● WHAT TO PRODUCE
All the entries need to be quoted exactly, apart from the pictures, which you should drop.
(RECORDS TO USE Opens)
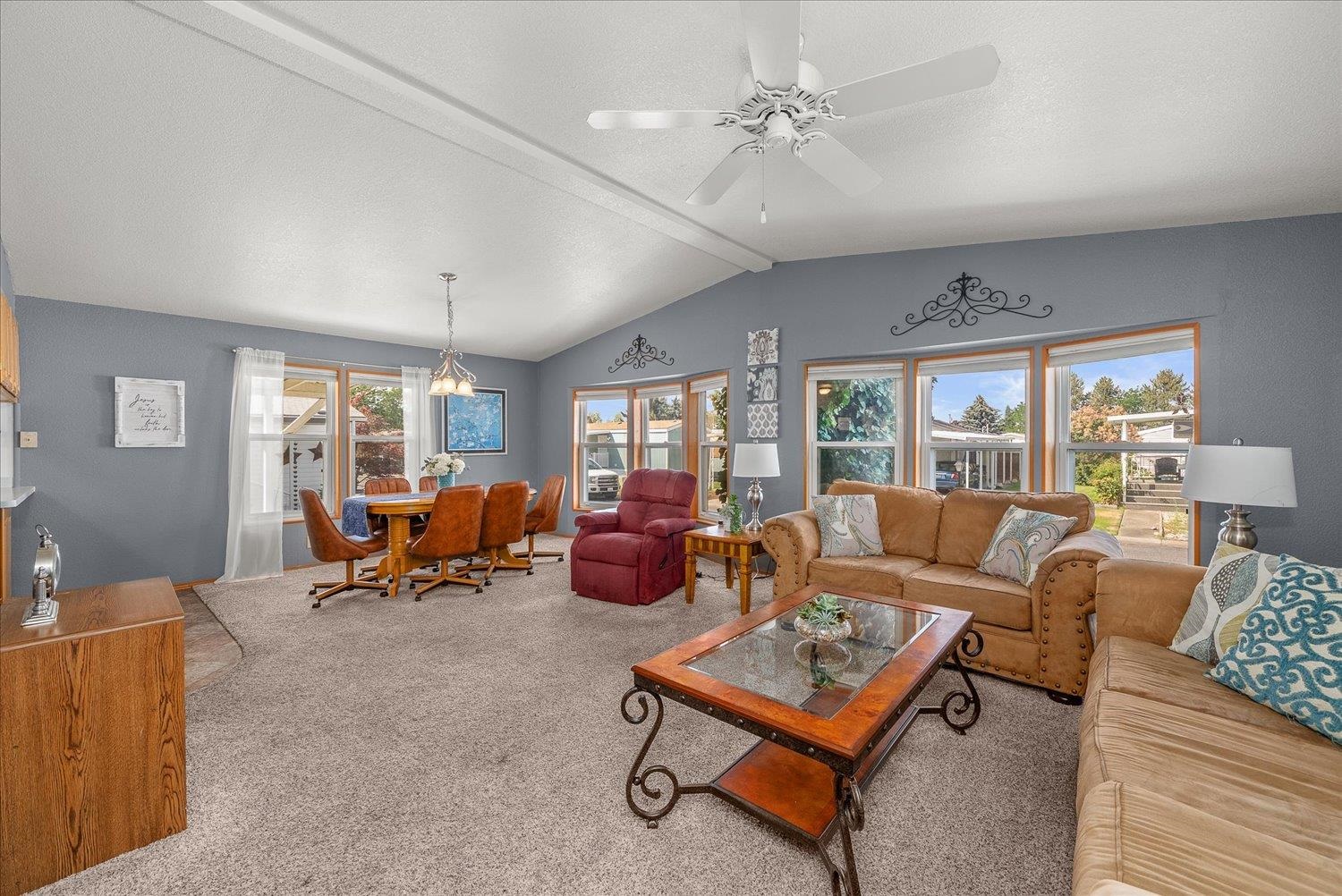 304 South Conklin Road, Unit 11 Spokane Valley, WA 99037 - Photo 6 of 37 Gallery Image 6
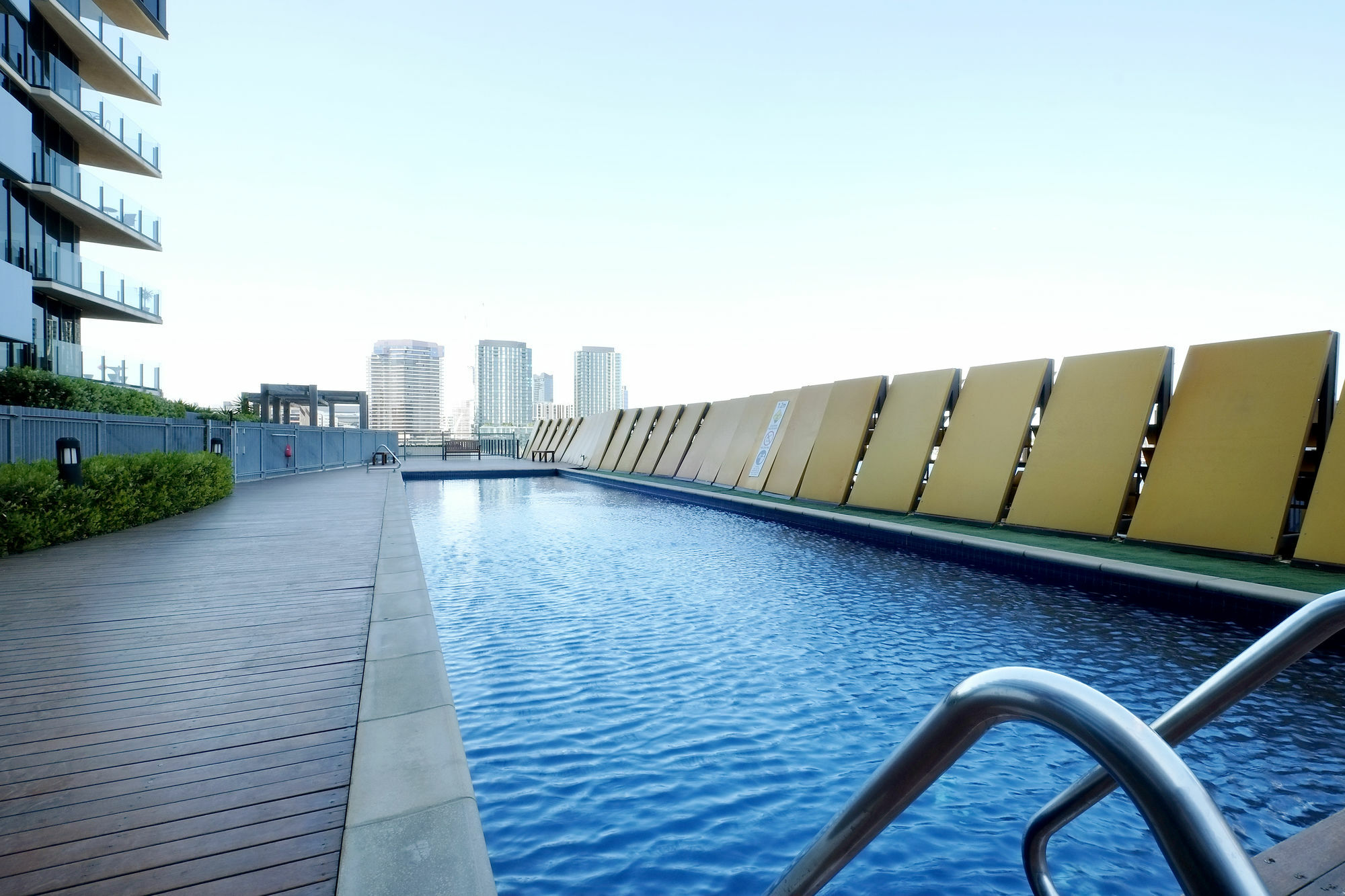Acd Apartments Melbourne Bagian luar foto
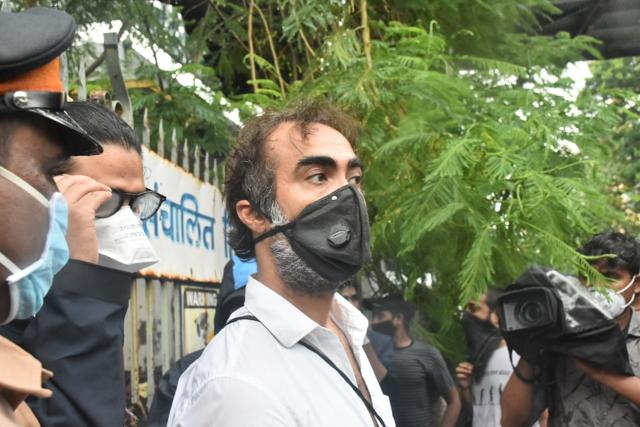 Ranvir Shorey at Sushant Singh Rajput’s funeral. (Varinder Chawla) Ranvir Shorey at Sushant Singh Rajput’s funeral. (Varinder Chawla)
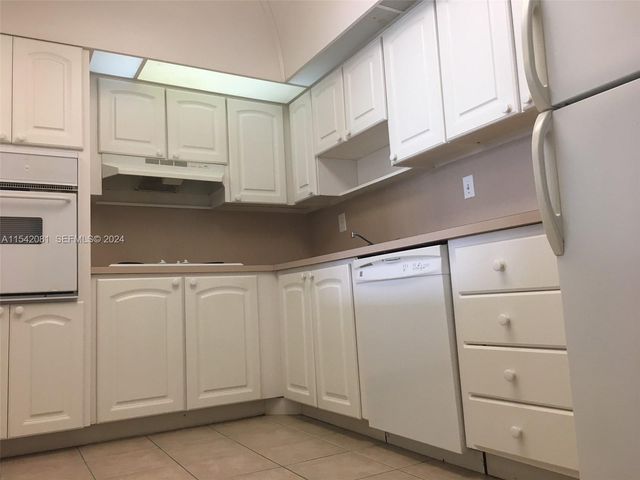 19380 Collins Avenue 1515, Sunny Isles Beach, FL 33160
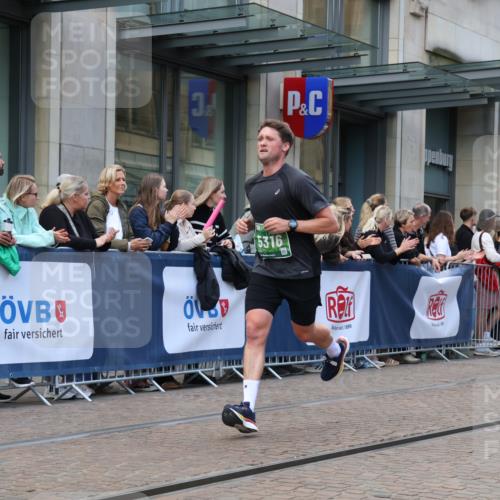 13.09.2026 - 21. swb-Marathon Bremen Strokosch-Dieckow http://msf.ph/oto/10389092 13.09.2026 12:59:22 Ziel 126, 277, 466, 807, 862, 1320, 1485, 1852, 3251, 4964, 5316, 5828, 6557, 8850, 658, 1248, 1508, 1751, 1800, 1993, 2651, 3584, 3688, 4096, 4399, 6991, 8383, 9120, 9533 meine-sportfotos.de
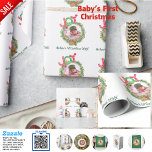 Babys 1st Christmas PHOTOリース名Keepsake ラッピングペーパー<br><div class="desc">ベビーの写真、名前、日付を追加して、このフェスティバルの水の色のリース、喜びベビーの初めてのクリスマスギフトラッピング紙をパーソナライズする。</div>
(RECORDS TO USE Closes)
● EXERCISE SOLUTION
 304 South Conklin Road, Unit 11 Spokane Valley, WA 99037 - Photo 6 of 37 Gallery Image 6
Acd Apartments Melbourne Bagian luar foto
 Ranvir Shorey at Sushant Singh Rajput’s funeral. (Varinder Chawla) Ranvir Shorey at Sushant Singh Rajput’s funeral. (Varinder Chawla)
 19380 Collins Avenue 1515, Sunny Isles Beach, FL 33160
 13.09.2026 - 21. swb-Marathon Bremen Strokosch-Dieckow http://msf.ph/oto/10389092 13.09.2026 12:59:22 Ziel 126, 277, 466, 807, 862, 1320, 1485, 1852, 3251, 4964, 5316, 5828, 6557, 8850, 658, 1248, 1508, 1751, 1800, 1993, 2651, 3584, 3688, 4096, 4399, 6991, 8383, 9120, 9533 meine-sportfotos.de
 Babys 1st Christmas PHOTOリース名Keepsake ラッピングペーパー<br><div class="desc">ベビーの写真、名前、日付を追加して、このフェスティバルの水の色のリース、喜びベビーの初めてのクリスマスギフトラッピング紙をパーソナライズする。</div>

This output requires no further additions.